The hope is that a long-term physical activity intervention in at-risk youth will stimulate neurodevelopmental catch-up, thereby thwarting their predisposition to schizophrenia.
“Human development is not a linear process; it happens in spurts of rapid growth followed by consolidation periods,” Dr. Hietala said.
However, even if it turns out that an early physical activity intervention does not reduce the risk of developing schizophrenia, it might favorably alter its course in important ways, according to Dr. Hietala.
Individuals with schizophrenia are known to be at increased risk for metabolic syndrome and premature death tied to cardiovascular disease. A recent meta-analysis of 16 prospective cohort studies totaling more than 1 million men and women found that mortality during follow-up was 59% greater in those who sat for more than 8 hours per day and were in the lowest quartile of physical activity, compared with those sitting for less than 4 hours per day who were in the top quartile of physical activity, at more than 35.5 metabolic equivalent hours per week.

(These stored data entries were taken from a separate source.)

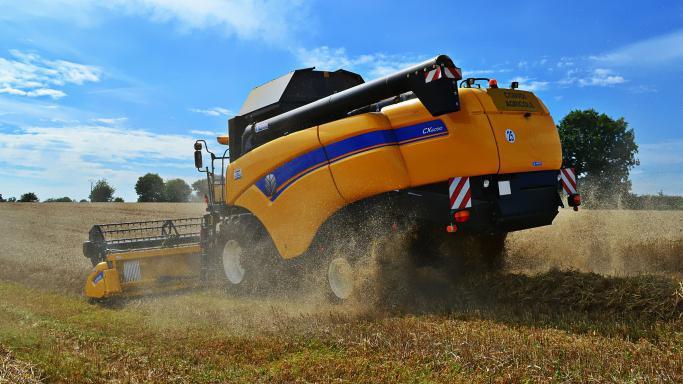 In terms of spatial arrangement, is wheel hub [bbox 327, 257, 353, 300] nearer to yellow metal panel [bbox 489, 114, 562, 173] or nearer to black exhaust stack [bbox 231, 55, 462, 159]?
black exhaust stack [bbox 231, 55, 462, 159]

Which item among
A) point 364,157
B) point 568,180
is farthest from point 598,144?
point 364,157

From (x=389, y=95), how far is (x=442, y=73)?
867 millimetres

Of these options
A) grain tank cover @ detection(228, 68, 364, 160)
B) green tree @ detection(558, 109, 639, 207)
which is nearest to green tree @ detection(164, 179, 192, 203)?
green tree @ detection(558, 109, 639, 207)

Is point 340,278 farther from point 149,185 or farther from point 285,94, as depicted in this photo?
point 149,185

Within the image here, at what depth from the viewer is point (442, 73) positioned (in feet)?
19.2

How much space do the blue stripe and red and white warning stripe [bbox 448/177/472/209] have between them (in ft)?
1.78

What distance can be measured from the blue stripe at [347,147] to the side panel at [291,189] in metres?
0.01

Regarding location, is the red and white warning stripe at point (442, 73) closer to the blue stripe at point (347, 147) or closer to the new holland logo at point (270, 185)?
the blue stripe at point (347, 147)

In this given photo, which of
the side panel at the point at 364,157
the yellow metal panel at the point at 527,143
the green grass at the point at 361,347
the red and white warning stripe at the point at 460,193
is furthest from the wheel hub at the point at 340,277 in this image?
the yellow metal panel at the point at 527,143

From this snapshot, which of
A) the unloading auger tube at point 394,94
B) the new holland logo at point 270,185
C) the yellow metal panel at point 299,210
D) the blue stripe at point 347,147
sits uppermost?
the unloading auger tube at point 394,94

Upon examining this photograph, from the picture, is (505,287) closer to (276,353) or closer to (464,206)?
(464,206)

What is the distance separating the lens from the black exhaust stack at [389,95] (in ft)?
19.3

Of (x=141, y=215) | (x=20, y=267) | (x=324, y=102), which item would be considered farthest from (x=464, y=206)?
(x=141, y=215)

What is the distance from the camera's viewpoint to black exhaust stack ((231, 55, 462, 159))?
5.87 metres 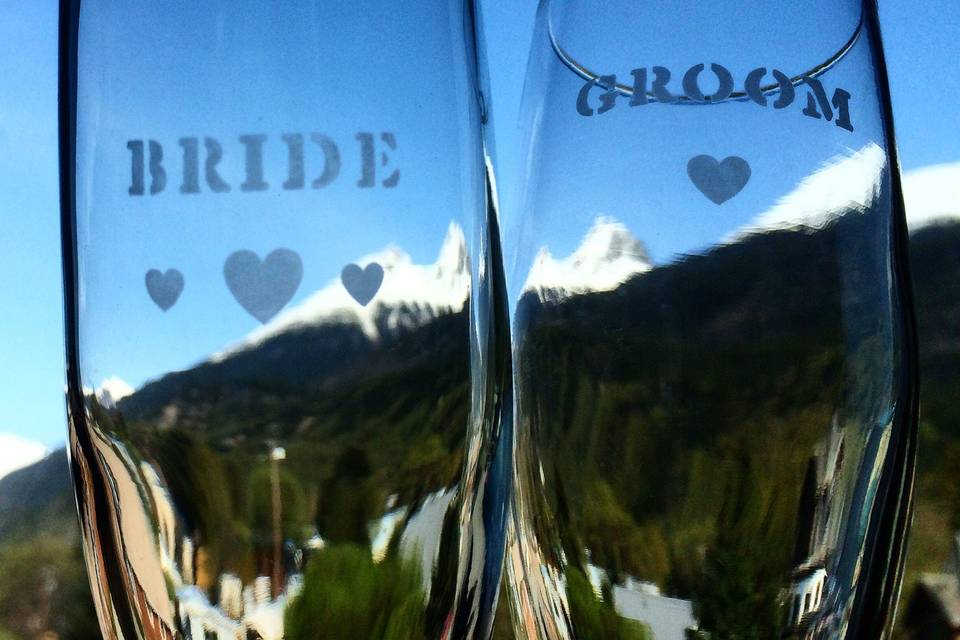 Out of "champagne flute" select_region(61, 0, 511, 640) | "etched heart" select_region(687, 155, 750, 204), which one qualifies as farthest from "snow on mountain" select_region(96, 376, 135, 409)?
"etched heart" select_region(687, 155, 750, 204)

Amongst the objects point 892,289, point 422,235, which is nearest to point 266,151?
point 422,235

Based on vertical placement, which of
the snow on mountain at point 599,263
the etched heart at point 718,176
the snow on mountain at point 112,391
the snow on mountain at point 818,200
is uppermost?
the etched heart at point 718,176

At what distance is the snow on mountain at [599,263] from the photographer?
0.71ft

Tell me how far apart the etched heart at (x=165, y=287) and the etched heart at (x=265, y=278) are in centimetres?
1

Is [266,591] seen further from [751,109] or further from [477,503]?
[751,109]

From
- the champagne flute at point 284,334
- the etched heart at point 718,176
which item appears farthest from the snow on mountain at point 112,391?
the etched heart at point 718,176

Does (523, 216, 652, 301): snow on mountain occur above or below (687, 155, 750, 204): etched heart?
below

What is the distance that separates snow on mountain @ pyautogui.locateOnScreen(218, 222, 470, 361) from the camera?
185 millimetres

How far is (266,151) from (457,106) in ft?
0.13

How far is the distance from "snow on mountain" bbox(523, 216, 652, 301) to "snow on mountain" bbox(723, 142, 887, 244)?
22 millimetres

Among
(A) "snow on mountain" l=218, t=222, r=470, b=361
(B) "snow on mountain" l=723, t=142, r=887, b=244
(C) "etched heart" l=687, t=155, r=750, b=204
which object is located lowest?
(A) "snow on mountain" l=218, t=222, r=470, b=361

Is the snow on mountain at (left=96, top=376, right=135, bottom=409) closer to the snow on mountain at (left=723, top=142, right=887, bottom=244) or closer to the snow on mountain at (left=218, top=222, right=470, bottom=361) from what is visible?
the snow on mountain at (left=218, top=222, right=470, bottom=361)

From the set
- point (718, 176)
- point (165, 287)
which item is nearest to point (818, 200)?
point (718, 176)

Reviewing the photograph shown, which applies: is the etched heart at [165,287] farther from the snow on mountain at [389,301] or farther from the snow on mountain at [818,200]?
the snow on mountain at [818,200] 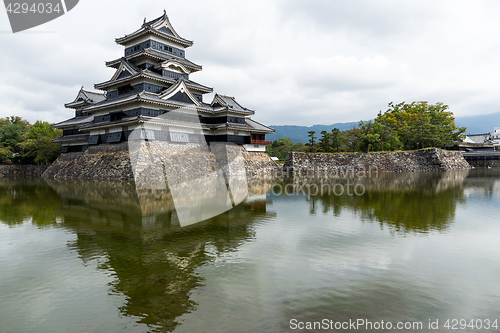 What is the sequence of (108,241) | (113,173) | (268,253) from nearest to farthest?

But there was no increased risk of mortality among those who sat for more than 8 hours per day and were also in the highest quartile of physical activity. The implication is that high levels of moderate-intensity physical activity eliminates the increased risk of death associated with high sitting time (). That’s a finding that could be applicable to patients with schizophrenia.
Dr. Hietala reported having no financial conflicts regarding the Cardiovascular Risk in Young Finns study, which is supported by the Academy of Finland, the Social Insurance Institution of Finland, and grants from nonprofit foundations.